Model: "functional_7"
_________________________________________________________________
Layer (type)                 Output Shape              Param #   
input_4 (InputLayer)         [(None, 368, 640, 3)]     0         
_________________________________________________________________
rescaling_3 (Rescaling)      (None, 368, 640, 3)       0         
_________________________________________________________________
conv2d_6 (Conv2D)            (None, 366, 638, 32)      896       
_________________________________________________________________
max_pooling2d_6 (MaxPooling2 (None, 122, 212, 32)      0         
_________________________________________________________________
conv2d_7 (Conv2D)            (None, 120, 210, 32)      9248      
_________________________________________________________________
max_pooling2d_7 (MaxPooling2 (None, 40, 70, 32)        0         
_________________________________________________________________
flatten_3 (Flatten)          (None, 89600)            

Now we need to compile, train and test the model.

In [73]:
model.compile(optimizer="adam", loss="categorical_crossentropy", metrics=["accuracy"])

In [74]:
model.fit(train_dataset, epochs=3)

Epoch 1/3
Epoch 2/3
Epoch 3/3


<tensorflow.python.keras.callbacks.History at 0x208ca736748>

Let's see how the model does on unseen data.

In [75]:
loss, acc = model.evaluate(val_dataset)



Let's see the confusion matrix on our predictions to see where our model is struggling.

In [80]:
predictions = model.predict(val_dataset)
y_pred = np.argmax(predictions, axis = 1)

In [88]:
# Get true labels
y_true = np.argmax(np.concatenate([labels for data, labels in val_dataset], axis=0), axis=1)
print(y_true)
print(y_pred)

print("Confusion matrix:")
print(confusion_matrix(y_true=y_true, y_pred=y_pred, normalize="true"))

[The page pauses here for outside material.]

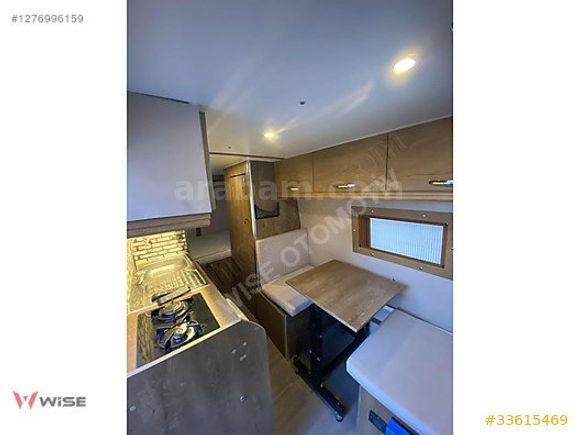 2006 CİTROEN JUMPER MOTOKARAVAN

[2 4 3 3 3 4 2 4 4 4 1 4 4 3 4 2 1 2 0 4 1 4 4 3 1 1 4 2 1 2 2 1 1 1 0 1 2
 2 3 3 2 0 0 2 4 3 2 1 0 4 2 4 3 2 4 2 4 2 1 0 0 4 4 2]
[4 4 4 4 4 4 4 4 4 4 4 4 4 4 4 4 4 4 4 4 4 4 4 4 4 4 1 4 4 0 4 4 4 4 4 4 4
 4 0 4 4 4 4 4 4 4 4 4 0 4 4 4 4 4 4 0 0 4 4 1 4 4 4 4]
Confusion matrix:
[[0.14285714 0.14285714 0.         0.         0.71428571]
 [0.         0.         0.         0.         1.        ]
 [0.11764706 0.         0.         0.         0.88235294]
 [0.11111111 0.         0.         0.         0.88888889]
 [0.05263158 0.05263158 0.         0.         0.89473684]]


An imbalnced training dataset (many more cholesteric images than other phases) is one major flaw with the current model.